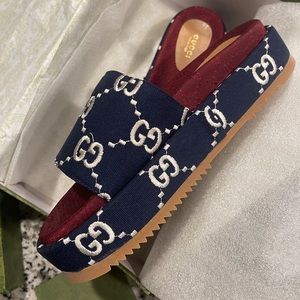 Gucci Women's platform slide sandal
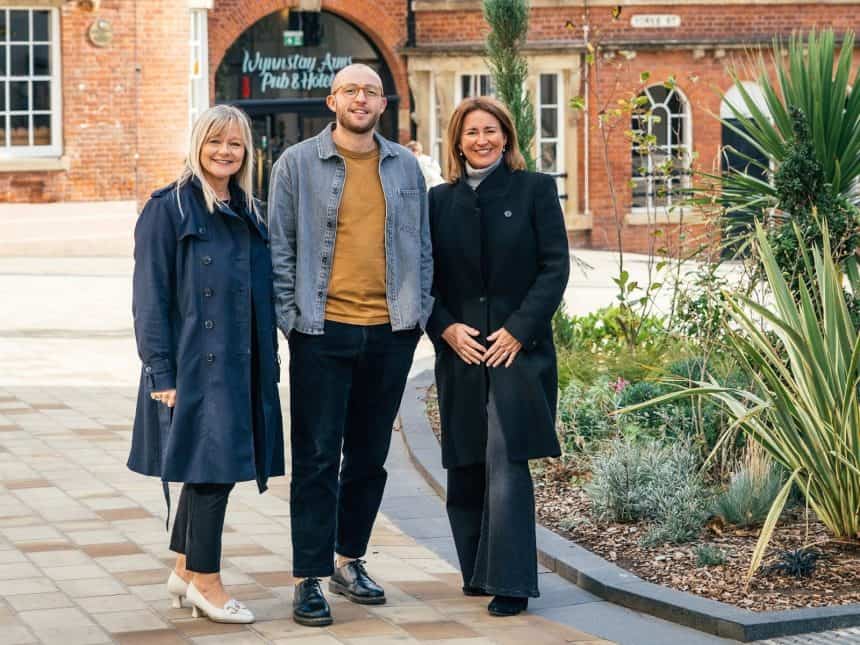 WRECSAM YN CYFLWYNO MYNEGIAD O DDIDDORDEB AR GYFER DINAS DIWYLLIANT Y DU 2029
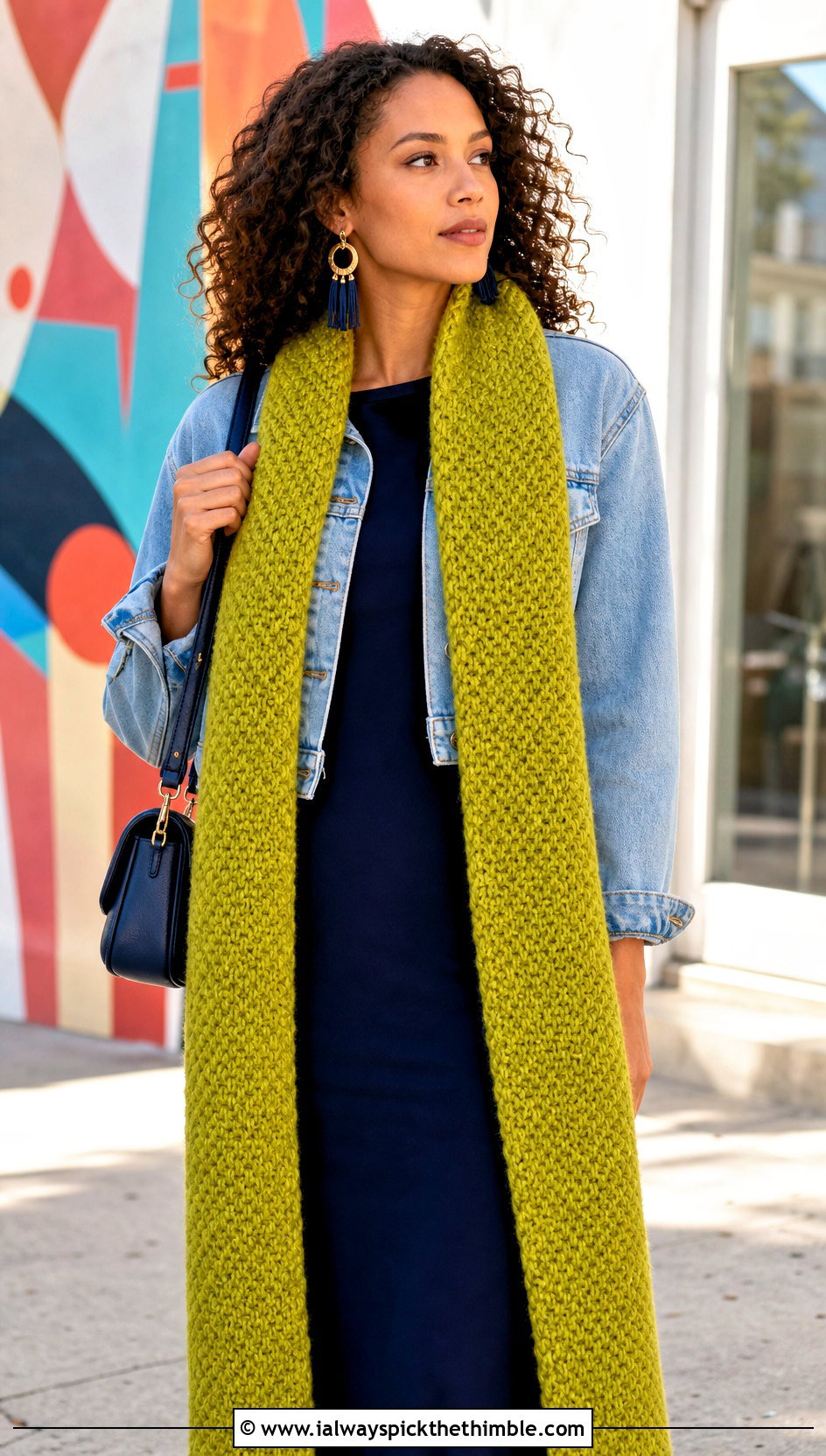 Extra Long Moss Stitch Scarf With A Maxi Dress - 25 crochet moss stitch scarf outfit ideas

What is needed | Please copy out the whole listing exactly as it stands, minus the pictures.

Solution to this exercise |
 Gucci Women's platform slide sandal
 WRECSAM YN CYFLWYNO MYNEGIAD O DDIDDORDEB AR GYFER DINAS DIWYLLIANT Y DU 2029
 Extra Long Moss Stitch Scarf With A Maxi Dress - 25 crochet moss stitch scarf outfit ideas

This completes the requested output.